WORK REQUEST:
Please take the records that follow and repeat exactly the lines starting with the line with "Luftmassenmesser ESEN SKV 07SKV183" and going on through the line with "Rivoluzioni in libri – con Geraldina Colotti".

BEGIN INPUT MATERIAL

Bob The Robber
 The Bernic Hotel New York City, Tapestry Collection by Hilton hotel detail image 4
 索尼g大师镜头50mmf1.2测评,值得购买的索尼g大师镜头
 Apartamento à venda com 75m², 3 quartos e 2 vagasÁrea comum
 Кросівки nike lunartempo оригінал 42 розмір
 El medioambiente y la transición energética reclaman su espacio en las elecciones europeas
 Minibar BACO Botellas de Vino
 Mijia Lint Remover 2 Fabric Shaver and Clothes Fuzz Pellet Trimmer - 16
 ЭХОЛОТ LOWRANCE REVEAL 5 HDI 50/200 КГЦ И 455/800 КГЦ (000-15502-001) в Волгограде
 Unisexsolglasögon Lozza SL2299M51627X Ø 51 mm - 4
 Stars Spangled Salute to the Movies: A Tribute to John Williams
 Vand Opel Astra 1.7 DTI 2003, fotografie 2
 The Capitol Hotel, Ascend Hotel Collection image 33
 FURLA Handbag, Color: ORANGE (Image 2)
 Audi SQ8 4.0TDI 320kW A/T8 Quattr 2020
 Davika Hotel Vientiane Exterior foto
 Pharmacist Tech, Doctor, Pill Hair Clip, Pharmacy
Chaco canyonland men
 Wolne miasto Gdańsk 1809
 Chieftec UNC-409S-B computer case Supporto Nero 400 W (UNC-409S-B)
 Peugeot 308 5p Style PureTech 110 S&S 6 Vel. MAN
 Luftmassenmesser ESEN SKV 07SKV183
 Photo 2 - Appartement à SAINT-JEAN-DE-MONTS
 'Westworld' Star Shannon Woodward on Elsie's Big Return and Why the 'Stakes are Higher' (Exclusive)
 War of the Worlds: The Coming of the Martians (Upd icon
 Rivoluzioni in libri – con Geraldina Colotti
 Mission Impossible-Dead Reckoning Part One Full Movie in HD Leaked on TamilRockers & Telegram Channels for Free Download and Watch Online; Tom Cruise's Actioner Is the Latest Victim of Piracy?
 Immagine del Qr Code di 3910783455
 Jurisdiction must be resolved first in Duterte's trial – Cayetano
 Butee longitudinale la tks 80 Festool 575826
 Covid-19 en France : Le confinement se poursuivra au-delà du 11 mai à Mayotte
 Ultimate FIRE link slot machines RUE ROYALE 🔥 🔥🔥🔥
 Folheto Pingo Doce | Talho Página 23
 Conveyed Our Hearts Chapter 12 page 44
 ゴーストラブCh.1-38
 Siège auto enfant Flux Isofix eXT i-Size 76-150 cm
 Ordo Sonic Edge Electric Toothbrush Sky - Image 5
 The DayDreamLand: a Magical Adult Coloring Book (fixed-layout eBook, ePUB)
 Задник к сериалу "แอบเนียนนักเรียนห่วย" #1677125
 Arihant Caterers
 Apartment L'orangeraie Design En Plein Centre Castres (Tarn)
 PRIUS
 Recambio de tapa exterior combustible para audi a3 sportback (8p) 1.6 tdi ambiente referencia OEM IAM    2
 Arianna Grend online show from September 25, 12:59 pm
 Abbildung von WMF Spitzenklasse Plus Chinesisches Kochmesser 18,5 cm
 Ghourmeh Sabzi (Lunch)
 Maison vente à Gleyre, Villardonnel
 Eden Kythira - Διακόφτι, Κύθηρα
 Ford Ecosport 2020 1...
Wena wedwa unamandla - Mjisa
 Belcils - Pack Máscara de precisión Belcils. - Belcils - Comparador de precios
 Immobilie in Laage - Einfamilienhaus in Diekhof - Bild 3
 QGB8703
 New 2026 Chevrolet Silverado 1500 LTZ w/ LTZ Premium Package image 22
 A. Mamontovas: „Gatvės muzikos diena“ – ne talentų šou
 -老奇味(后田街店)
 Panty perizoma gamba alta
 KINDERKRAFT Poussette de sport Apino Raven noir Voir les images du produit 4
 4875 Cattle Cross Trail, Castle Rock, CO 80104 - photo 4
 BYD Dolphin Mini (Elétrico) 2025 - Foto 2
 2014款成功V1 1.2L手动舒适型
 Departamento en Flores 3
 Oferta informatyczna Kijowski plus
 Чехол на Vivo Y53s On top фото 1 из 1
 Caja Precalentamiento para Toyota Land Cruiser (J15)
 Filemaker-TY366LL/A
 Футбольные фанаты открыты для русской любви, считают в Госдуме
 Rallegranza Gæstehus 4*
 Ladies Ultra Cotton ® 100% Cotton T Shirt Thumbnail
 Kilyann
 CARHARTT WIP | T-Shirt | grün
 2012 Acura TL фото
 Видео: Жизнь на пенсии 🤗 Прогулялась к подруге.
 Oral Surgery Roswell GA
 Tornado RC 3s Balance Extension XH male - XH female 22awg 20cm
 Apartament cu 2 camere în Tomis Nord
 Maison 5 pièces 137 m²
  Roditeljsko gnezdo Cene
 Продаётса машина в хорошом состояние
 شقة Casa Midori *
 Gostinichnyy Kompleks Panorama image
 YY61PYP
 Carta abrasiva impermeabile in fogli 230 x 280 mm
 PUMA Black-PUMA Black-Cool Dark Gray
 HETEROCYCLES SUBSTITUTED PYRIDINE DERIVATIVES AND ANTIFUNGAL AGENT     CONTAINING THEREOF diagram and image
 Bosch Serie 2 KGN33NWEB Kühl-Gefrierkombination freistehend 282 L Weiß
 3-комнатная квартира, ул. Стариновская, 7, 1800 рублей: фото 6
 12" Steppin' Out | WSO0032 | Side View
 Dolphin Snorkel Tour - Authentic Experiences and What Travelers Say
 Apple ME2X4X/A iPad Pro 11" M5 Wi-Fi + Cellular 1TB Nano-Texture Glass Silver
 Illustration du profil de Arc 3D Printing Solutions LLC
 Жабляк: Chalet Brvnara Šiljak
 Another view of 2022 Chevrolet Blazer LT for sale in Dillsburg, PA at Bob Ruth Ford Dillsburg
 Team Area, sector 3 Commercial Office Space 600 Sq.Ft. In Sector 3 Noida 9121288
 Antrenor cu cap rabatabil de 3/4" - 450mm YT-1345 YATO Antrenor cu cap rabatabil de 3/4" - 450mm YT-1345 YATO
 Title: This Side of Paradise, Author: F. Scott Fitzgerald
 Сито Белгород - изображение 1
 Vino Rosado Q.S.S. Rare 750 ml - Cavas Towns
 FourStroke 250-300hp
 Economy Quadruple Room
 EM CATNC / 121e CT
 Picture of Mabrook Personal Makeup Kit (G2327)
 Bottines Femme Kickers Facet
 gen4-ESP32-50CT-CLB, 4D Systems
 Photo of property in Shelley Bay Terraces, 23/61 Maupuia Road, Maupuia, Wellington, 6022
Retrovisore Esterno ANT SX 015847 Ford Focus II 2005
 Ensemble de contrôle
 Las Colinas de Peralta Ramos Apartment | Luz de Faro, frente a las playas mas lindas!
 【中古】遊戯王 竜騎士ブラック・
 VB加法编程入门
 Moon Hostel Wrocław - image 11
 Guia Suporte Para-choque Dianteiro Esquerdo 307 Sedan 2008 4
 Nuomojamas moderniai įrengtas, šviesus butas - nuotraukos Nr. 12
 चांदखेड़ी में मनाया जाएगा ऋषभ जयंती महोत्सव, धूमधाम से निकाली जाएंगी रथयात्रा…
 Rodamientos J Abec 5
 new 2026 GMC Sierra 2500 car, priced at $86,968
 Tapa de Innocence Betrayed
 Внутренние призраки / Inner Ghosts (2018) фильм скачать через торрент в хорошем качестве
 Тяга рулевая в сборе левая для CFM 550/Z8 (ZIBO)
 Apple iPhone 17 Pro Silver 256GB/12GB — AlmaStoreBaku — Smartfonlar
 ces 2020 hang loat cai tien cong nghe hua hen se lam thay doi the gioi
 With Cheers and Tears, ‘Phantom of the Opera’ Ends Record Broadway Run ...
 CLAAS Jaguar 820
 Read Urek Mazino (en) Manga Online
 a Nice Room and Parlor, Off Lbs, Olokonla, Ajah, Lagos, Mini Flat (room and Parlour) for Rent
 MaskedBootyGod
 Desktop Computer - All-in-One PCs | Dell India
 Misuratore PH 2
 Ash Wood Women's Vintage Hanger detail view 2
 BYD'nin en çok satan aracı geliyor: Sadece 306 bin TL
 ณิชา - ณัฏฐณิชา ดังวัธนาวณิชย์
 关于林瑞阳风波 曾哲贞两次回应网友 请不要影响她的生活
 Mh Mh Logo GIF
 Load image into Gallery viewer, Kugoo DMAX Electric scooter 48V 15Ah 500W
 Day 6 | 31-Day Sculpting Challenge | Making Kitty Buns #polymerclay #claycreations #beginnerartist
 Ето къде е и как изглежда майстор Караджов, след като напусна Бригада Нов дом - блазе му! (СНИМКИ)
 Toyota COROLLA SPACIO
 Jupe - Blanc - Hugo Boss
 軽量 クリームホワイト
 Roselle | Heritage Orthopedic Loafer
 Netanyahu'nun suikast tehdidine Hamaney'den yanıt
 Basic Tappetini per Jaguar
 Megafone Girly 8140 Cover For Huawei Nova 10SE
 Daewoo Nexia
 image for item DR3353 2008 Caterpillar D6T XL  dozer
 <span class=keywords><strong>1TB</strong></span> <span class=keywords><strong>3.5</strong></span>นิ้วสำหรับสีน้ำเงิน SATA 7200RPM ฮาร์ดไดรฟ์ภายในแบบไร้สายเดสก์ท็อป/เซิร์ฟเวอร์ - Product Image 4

END INPUT MATERIAL

RESPONSE FOR THIS EXERCISE:
 Luftmassenmesser ESEN SKV 07SKV183
 Photo 2 - Appartement à SAINT-JEAN-DE-MONTS
 'Westworld' Star Shannon Woodward on Elsie's Big Return and Why the 'Stakes are Higher' (Exclusive)
 War of the Worlds: The Coming of the Martians (Upd icon
 Rivoluzioni in libri – con Geraldina Colotti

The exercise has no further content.